For additional help, use these tips for your customer satisfaction survey process:

  • Create consistent scales: When using rating scales, ensure they’re consistent throughout the survey. For example, if you use 1 to represent “strongly disagree” in one part, you should also use 1 to represent “least important” in another section. In other words, 1 should always be the lowest rating.
  • Don’t lead the participants: Keep the bias out of your questions with neutral phrasing. For example, if you describe your latest product as superior and technologically advanced, you’re leading them to answer positively.
  • Consider a reward: Getting customers to participate isn’t always easy. Adding an incentive, such as a small discount or an entry into a giveaway, can encourage them to complete the survey.
  • Use A/B testing: Create two surveys and test them with different groups of customers. Check the response rate to see which survey performs better.
  • Optimize surveys for mobile use: Making your surveys compatible with mobile devices increases the response rate.
  • Stick to one question at a time: Only ask one question for each entry on the survey instead of combining multiple questions into one. This makes the questions easier to understand and ensures you get accurate data.
  • Do regular surveys: Ongoing surveys let you collect data over time and see how the experience changes. This can help you determine if the changes you’re making are working.
  • Account for outliers: Remember that some people will lie on surveys or answer the way they think you want them to answer. Some might accidentally choose the wrong answer. A few outliers in the responses usually aren’t cause for alarm.

FAQs about customer surveys

How can you make customer satisfaction surveys more effective?
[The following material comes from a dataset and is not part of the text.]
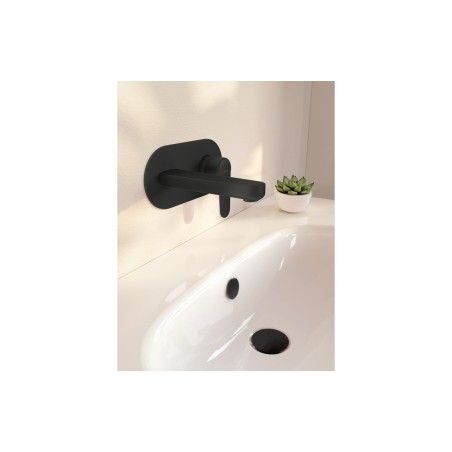 VitrA Root Round Integrated Basin Mixer - Matt Black | Bathr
Be sure your survey questions are clear and specific. Have an employee or a customer that you know well read through the survey to verify that it makes sense. Ensure the survey has a specific purpose and that the questions align with that purpose. Adjust your survey questions as needed to make the tool more effective. You can also create different surveys for various situations. For example, create a survey to send after someone has a problem, makes a purchase or receives service from your company.
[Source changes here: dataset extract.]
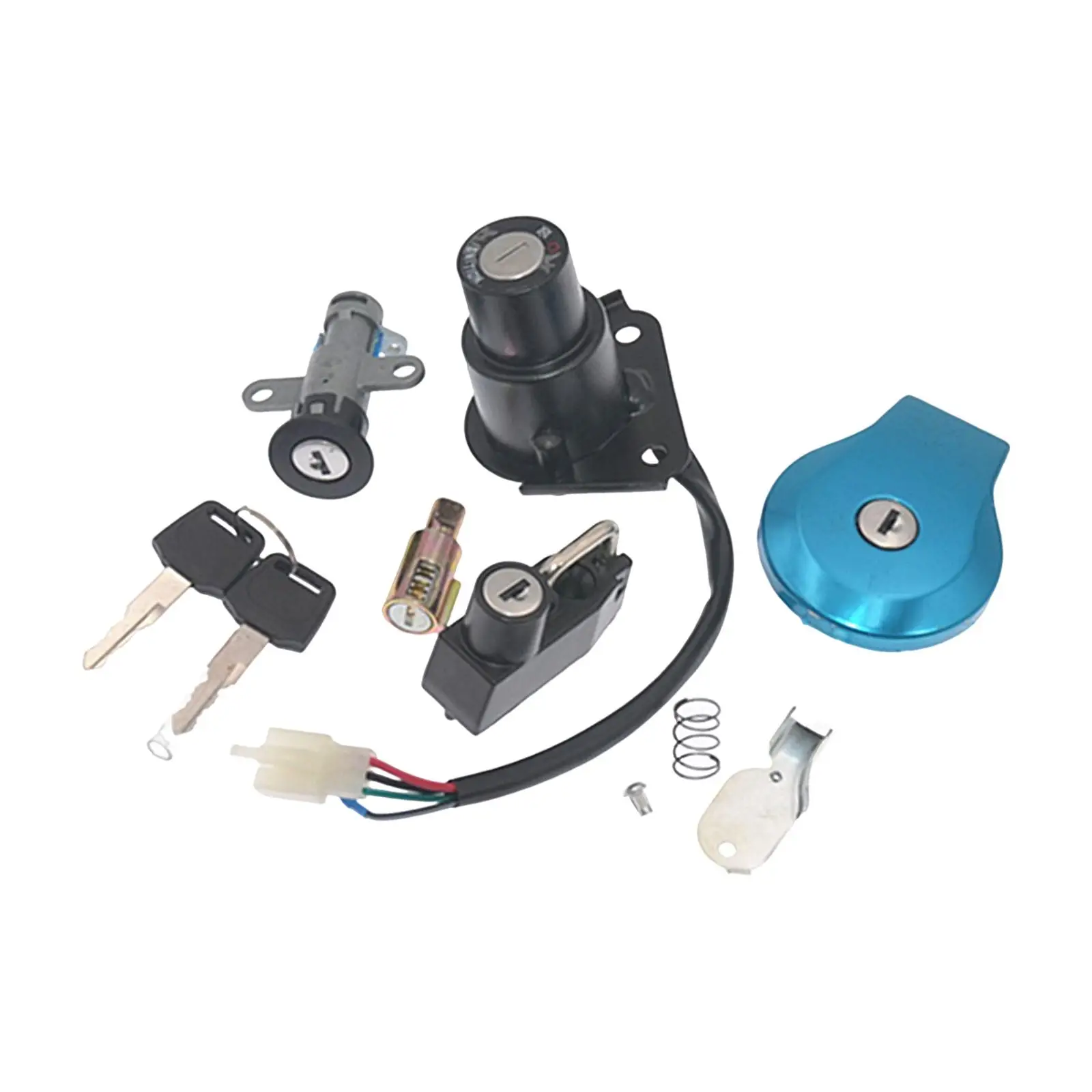 Ignition Switch Fuel Gas Cap Seat Lock Key Set for Virago XV125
How long should a customer survey be?

Keep your surveys as short as possible while still getting the information you need. Ideally, the survey should take no longer than five minutes to complete. Customers might skip the survey completely or stop midway through if they decide it’s too long. Some people will rush through the questions if it’s a long survey, which can make the answers less accurate.

How do you decide which questions to include on the survey?

Consider your goals for the customer satisfaction survey. What are you trying to find out and how do you plan to use that information? Only include questions that satisfy that goal. Throwing in extra questions just because you’re already doing a survey can make the survey unnecessarily long and might cause people to quit before completing it.